Development requirements:

  • Maven

Installation

Execute the ./INSTALL.sh file:

    ./INSTALL.sh

This will install both the required custom libSVM library and the domain adatation tool.

Configure

In the config folder, there are some configuration files:

  • language.conf: this file configures the languages supported by the Domain Adaptation Tool. Each line must be formatted like this: LANGUAGE=ISO_639-1_Code             For example: ENGLISH=en
  • ner.conf: This file configures location ner model paths for each language. Location ner model paths are used for gazetteer feature extraction. Each line must be formatted like this: LANGUAGE=model_path             For example: ENGLISH=./ner_models/en-ner.bin

  • np_rules.conf: This file configures NP rule paths for each language. It is not required if all features are not needed.

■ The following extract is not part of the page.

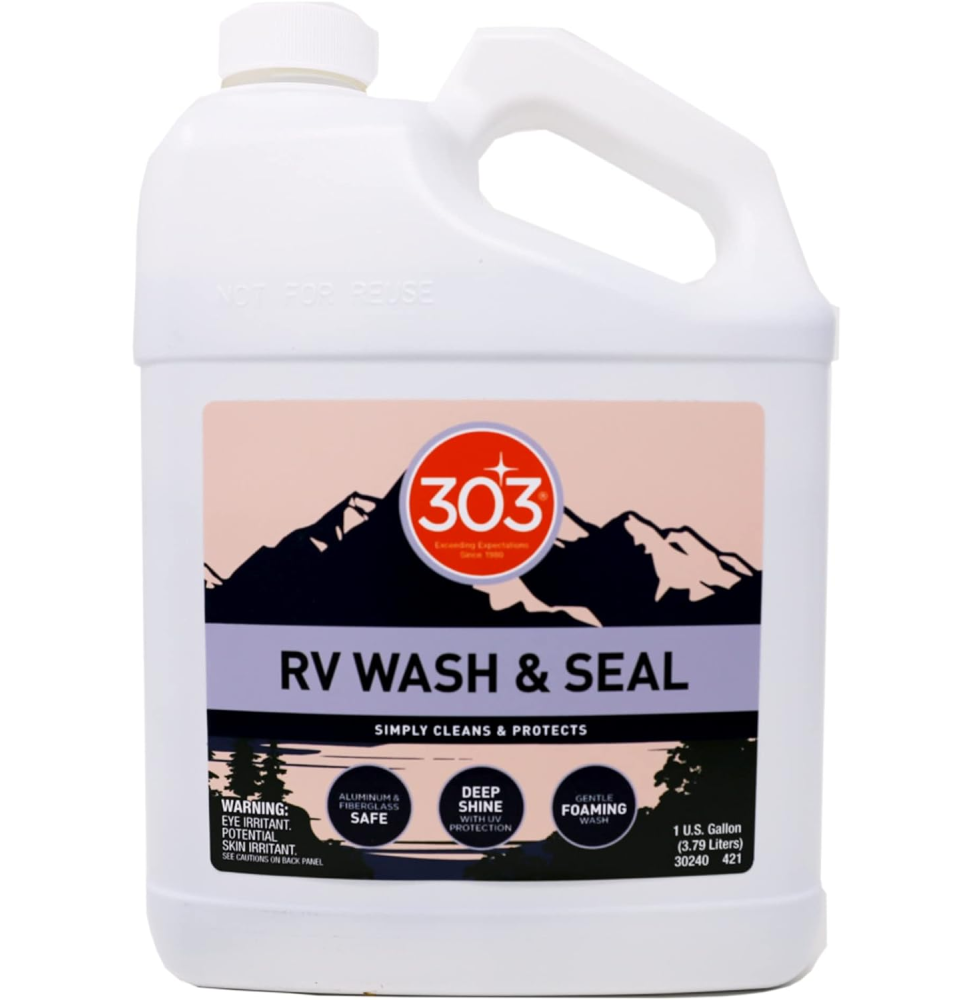 303  Wash & Seal 128 oz / 3,89 L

Each line must be formatted like this: LANGUAGE=np_rule_path             For example: ENGLISH=./np_rules/en_np.rules

NP rules

As previouly said, NP rules are not required if all features are not needed. For the NP rules files, NP rules are sets of PoS tags. The rules are processed in descending order, and first matching rule is choosen. For the head of each rule, put a ‘*’ character after the PoS tag. The PoS tags are the following:

    N: Common noun    V: Verb
    R: Proper noun    P: Preposition
    Q: Pronoun        A: Adverb
    D: Determiner     C: Conjunction
    G: Adjective      O: Other

If there is more than one option for a PoS tag, put a ‘/’ char between each PoS tag.

For example: D D N/R*

Named Entity rules

At src/main/resources/entity.rules file, there are several rules to detect entities compound by several terms. These rules are sets of PoS rules. You can change them as you wish.

For example: R R

Usage

To execute the Domain Adaptation Tool execute this command:

    java -jar target/Bootstrapping-0.0.1.jar [OPTIONS]

The -h or –help option will display the help information.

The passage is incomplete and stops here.